Pepsico President and CFO Visits Tuck
FOR IMMEDIATE RELEASE—September 25, 2002
CONTACT: Kim Keating
HANOVER, N.H.—Indra Nooyi, president and CFO of PepsiCo, spoke at the Tuck School of Business at Dartmouth on September 23 about how the "school of hard knocks" helped her achieve her business success. Nooyi was recently ranked the 4th most powerful woman in business by Fortune magazine.
"There is no education like adversity," Nooyi said, quoting the 19th Century British prime minister Benjamin Disraeli. She told the crowd of Tuck students, staff, and faculty that her success did not come easily.

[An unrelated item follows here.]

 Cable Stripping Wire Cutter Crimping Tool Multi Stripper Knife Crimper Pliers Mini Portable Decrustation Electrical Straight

In 1996, Nooyi was hired as PepsiCo's senior executive for strategic planning, helping CEO Roger Enrico restructure PepsiCo after it experienced a staggering $800 million loss. To focus on PepsiCo's strengths—the convenience foods and beverage business—they decided to sell the company's restaurant chains, spin off the restaurant supply business, and later buy several "healthy food" businesses, including Tropicana and Quaker Oats. Nooyi was elected director, president, and CFO of PepsiCo in 2001, after negotiating Pepsi's $14 billion deal for Quaker Oats. PepsiCo stock reached a five-year high after her promotion, making it one of the world's five largest consumer product companies.
Nooyi talked about her lessons for success in business: (1) change before you're forced to; (2) focus on your strengths (as PepsiCo did when removing the restaurant business and increasing their food and beverage offerings); (3) set clear financial criteria and don't let the emotion of the deal obstruct reason (this philosophy allowed PepsiCo to wait patiently while Coca-Cola bid higher for Quaker; ultimately PepsiCo bought Quaker at their original offering price); (4) pray a lot, but plan more (Nooyi described how she planned 400 separate integration projects after the Quaker merger), and (5) numbers matter, but you live and die by people (PepsiCo supports employees with strong communication and work-life balance policies).

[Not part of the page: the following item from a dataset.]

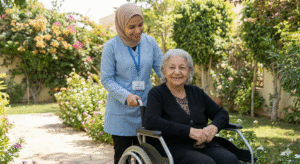 جليسة مسنين بالشفت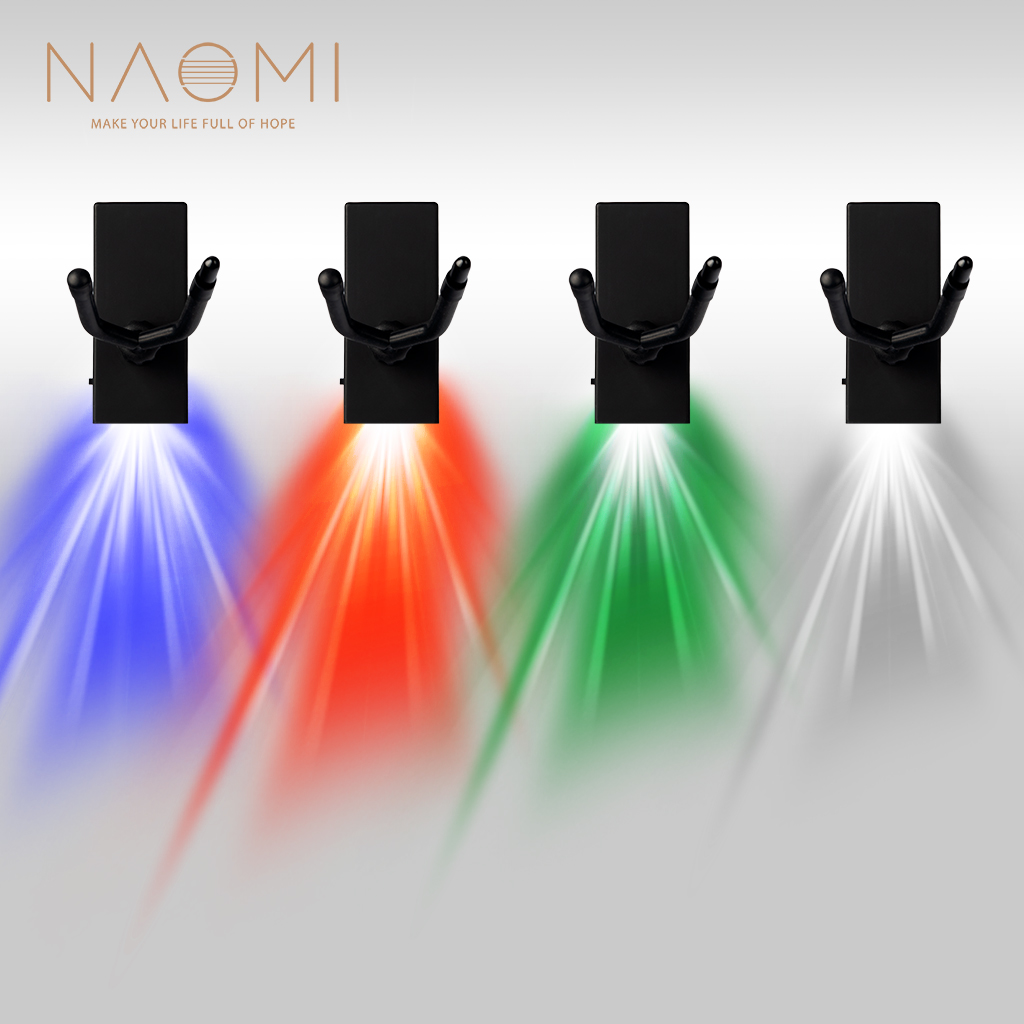 Description Picture 3 of itemNAOMI LED Hanger White/Red/Green/Blue Lighting Violin Hanger GF-Nylon66 Durable Case Wall Mount Holder Support For Violin/Viola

She had a final piece of advice for students: "Acknowledge what you don't know. If you're lost, stop and ask for directions."
Nooyi attributes her successful career to always working better and harder than anyone else and making sacrifices. "It's not easy at the top," she said quietly. "And you may not like to hear this, but you women—especially women of color—have to work twice as hard as your counterparts."
"Indra's style and message were inspirational," says Julie Lang, associate director of the Center for Global Leadership. "Following her visit, students said they appreciated her down-to-earth character and brutal honesty."
Founded in 1900, Tuck is the first graduate school of management and consistently ranks among the top business schools worldwide. Information about the Tuck School is available at www.tuck.dartmouth.edu.